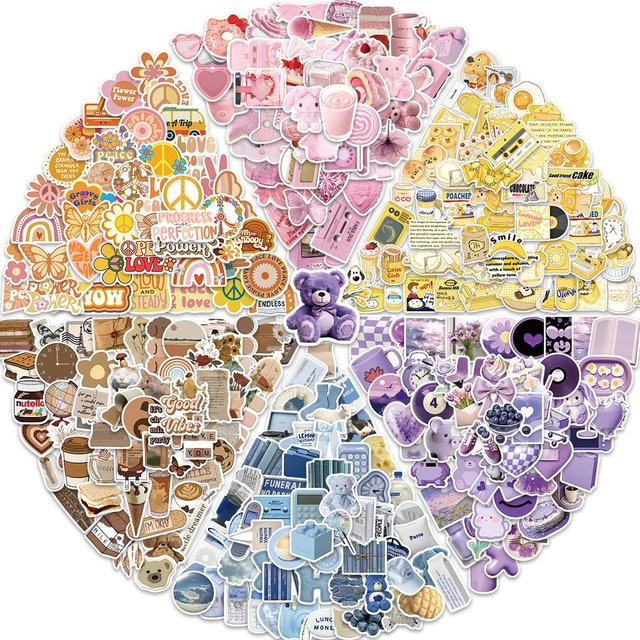 60 Stück Bunte Cartoon Graffiti Aufkleber im INS Stil, Wasserdicht, Multicolour und Pink, von BulingBulingStickers Shop - Bild 1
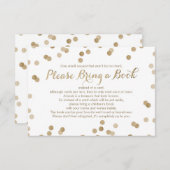 ブック金ゴールドのフェイク紙吹雪挿入モダンカード エンクロージャーカード (正面/裏面)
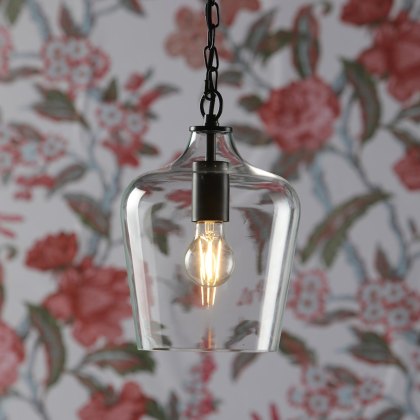 Laura Ashley - Ockley Bottle Pendant Glass Matt Black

#### Exercise aim:
Please retype the listing exactly, leaving out any images.

#### Solution:
 60 Stück Bunte Cartoon Graffiti Aufkleber im INS Stil, Wasserdicht, Multicolour und Pink, von BulingBulingStickers Shop - Bild 1
 ブック金ゴールドのフェイク紙吹雪挿入モダンカード エンクロージャーカード (正面/裏面)
 Laura Ashley - Ockley Bottle Pendant Glass Matt Black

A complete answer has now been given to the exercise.